Quale sarà l’andamento delle esportazioni nel 2024? Allianz Trade ha posto questa domanda a un campione di rappresentanti (circa 3mila) di aziende di Francia, Germania, Italia, Polonia, Spagna, Regno Unito e Stati Uniti attive nelle vendite all’estero, ricavandone un riscontro – di cui ha dato conto nel suo ultimo Global Survey – che però giudica un po’ troppo ottimista. Memore di quanto accaduto lo scorso anno (quando nella precedente analisi, il 70% degli intervistati aveva dichiarato di aspettarsi un aumento del fatturato generato dalle esportazioni, salvo poi fare i conti con recessione commerciale e rallentamento della domanda superiore alle aspettative), la società nel suo report ha lasciato intendere di considerare il risultato raccolto troppo positivo. Ben l’82% degli intervistati interpellati per l’edizione 2024 ha infatti dichiarato di attendersi, a partire dalla seconda metà dell’anno, un miglioramento delle performance sui mercati esteri, in particolare per i segmenti di vendita al dettaglio, elettrodomestici, computer e telecomunicazioni. In aggiunta, il 40% delle imprese ha spiegato di aspettarsi per il 2024 un aumento di oltre il 5% del volume d’affari da export. A generare questa convinzione c’è la l’idea che la ricostituzione delle scorte di prodotti finiti sta accelerando, così quella che la domanda globale stia crescendo.

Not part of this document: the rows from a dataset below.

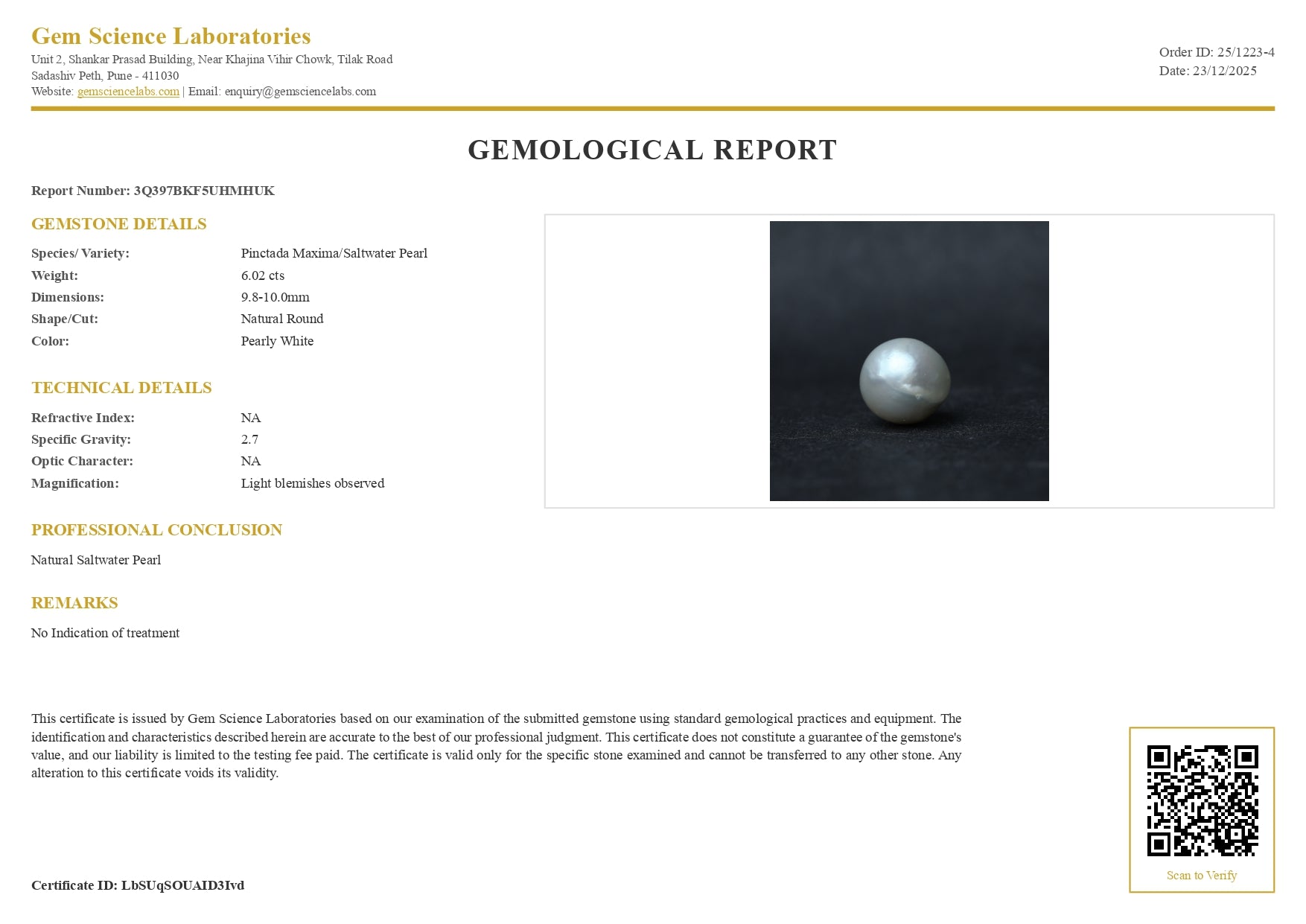 South Sea Pearl - 6.02 Carat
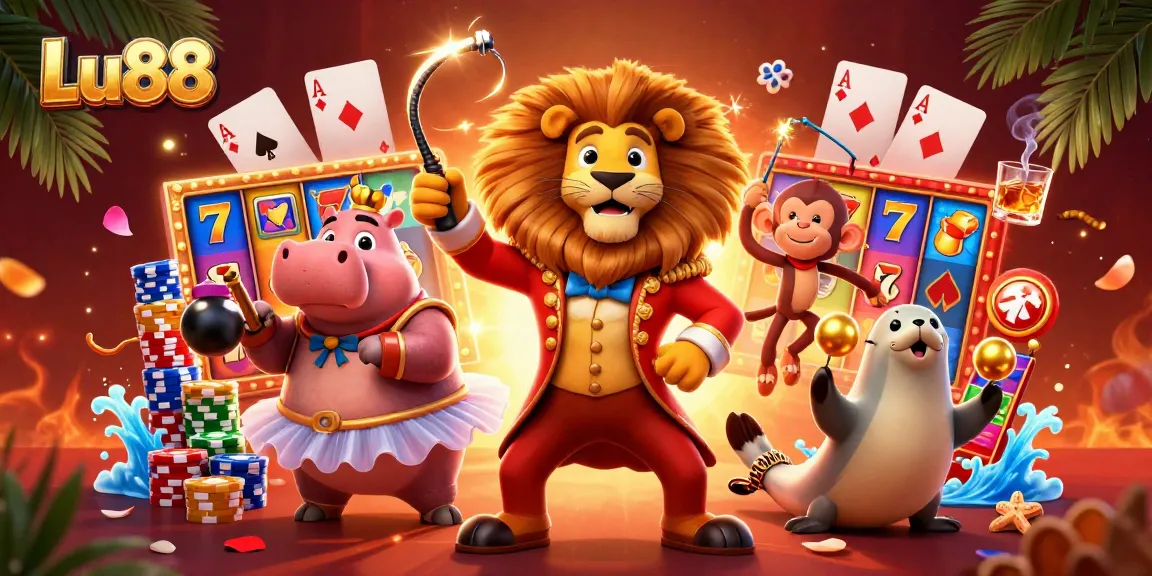 Win big at Lu88 with exciting slots in a vibrant casino scene featuring dynamic characters and rich game elements.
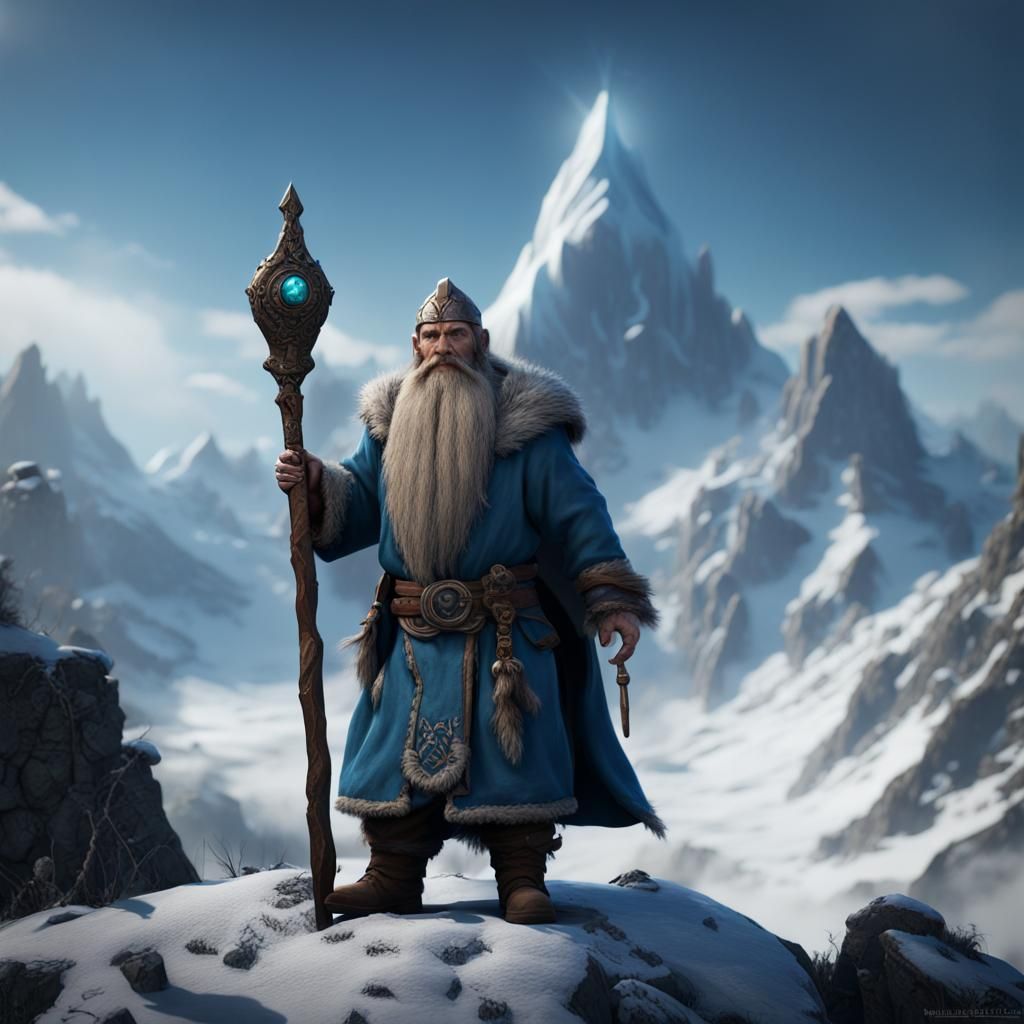 Enchanted Dwarf Rune Master on Snowy Mountain
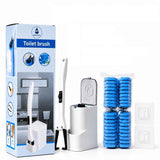WEVTAEL Disposable Toilet Brush Kit with Refill Pads & Holder, Bathroom Toilet Cleaning Brush System for Home, Office, & Busines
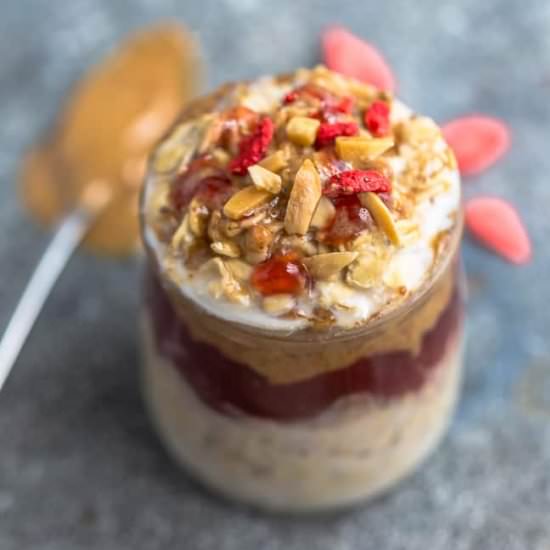 Peanut Butter & Jelly Overnight Oat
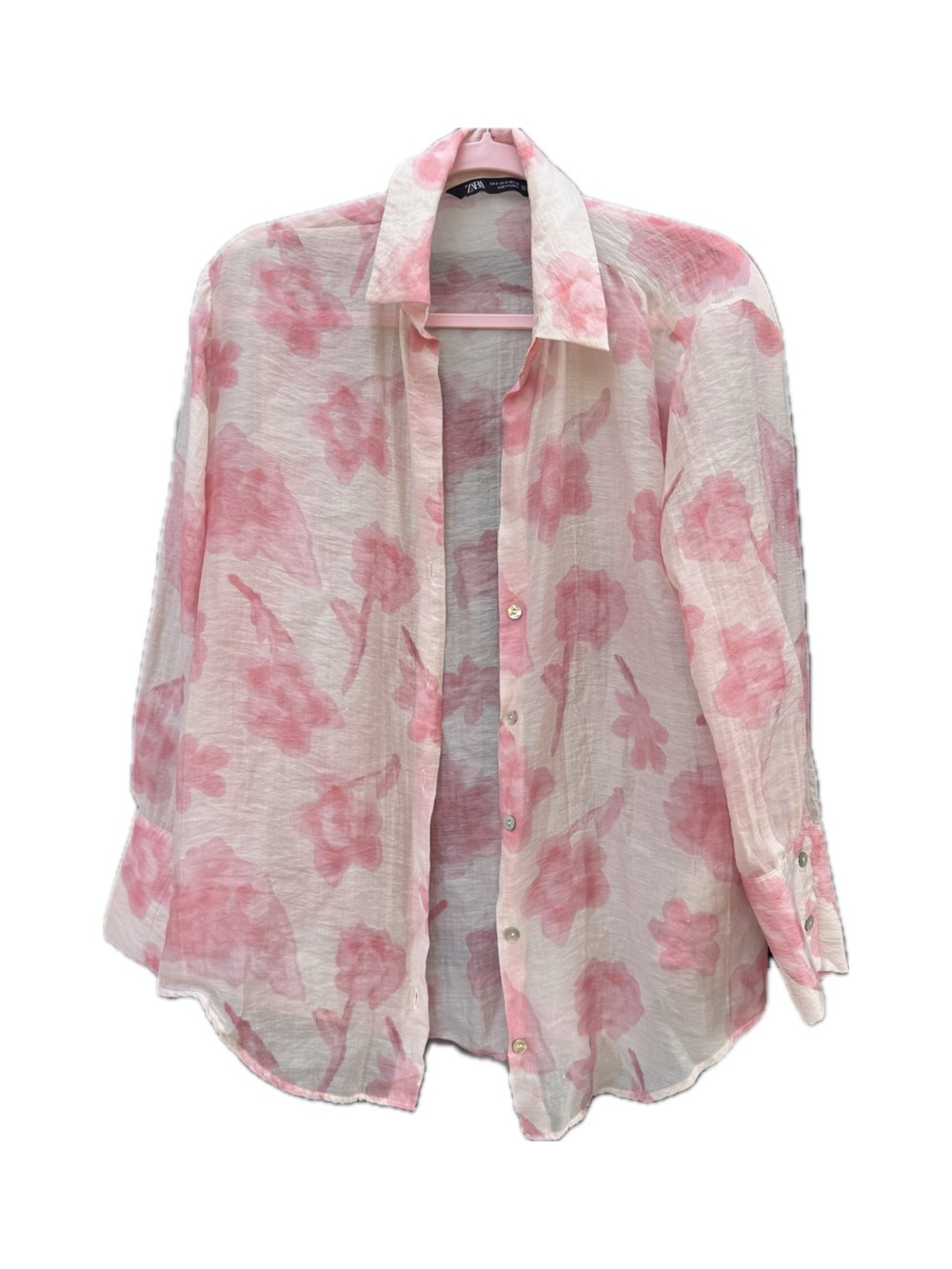 Light pink button up top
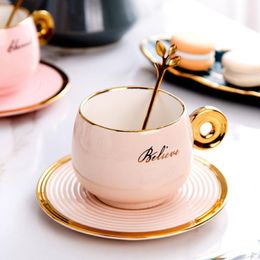 Cups & Saucers Nordic Personalized Coffee Cup And Saucer Ceramic Gold Ring Handle Mug With Dish Tea Home Kitchen Decor Birthday Gi240d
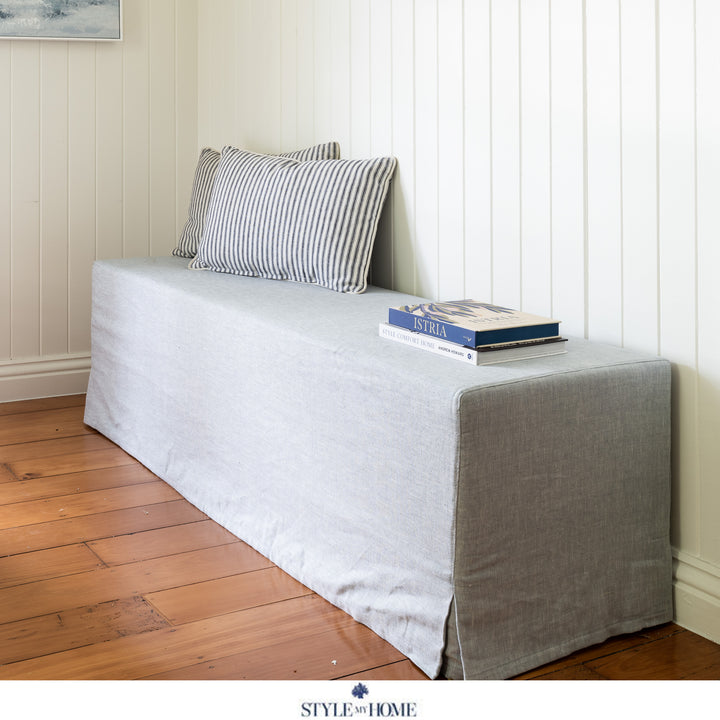 Coastal hamptons bench seat linen slipcover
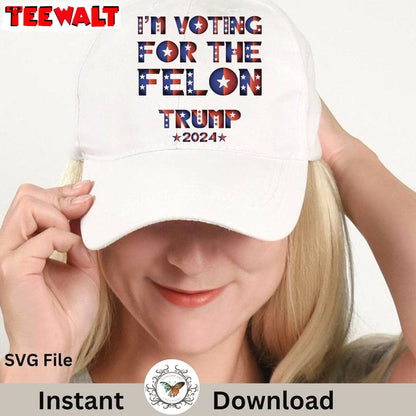 I'm Voting For The Felon Groovy Shirt, Trendy Trump 2024 Crewneck Long Sleeve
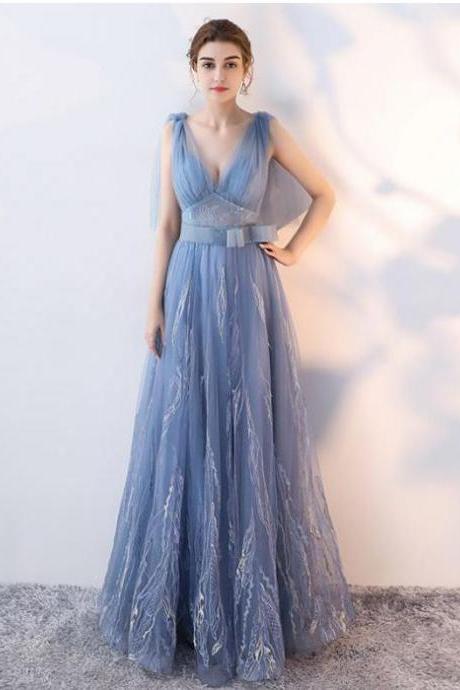 2018 A-line Princess Deep V Neck Sleeveless Floor Length Prom Dresses,asd26983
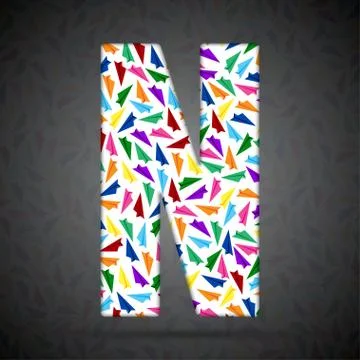 Vector alphabet with elements of paper airplanes. Stock Illustration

Gli analisti hanno spiegato però di voler dare per l’anno in corso una stima più prudente, ipotizzando un aumento del commercio globale del 2,8%  in valore (dopo il -2,9% del 2023), un dato “significativamente inferiore alla media nel lungo periodo del +5%” e che “riflette il rischio di interruzioni del trasporto marittimo globale, come la crisi del Mar Rosso e l’aumento del protezionismo”, spiega in particolare Françoise Huang, Senior Economist per l’area Apac della società.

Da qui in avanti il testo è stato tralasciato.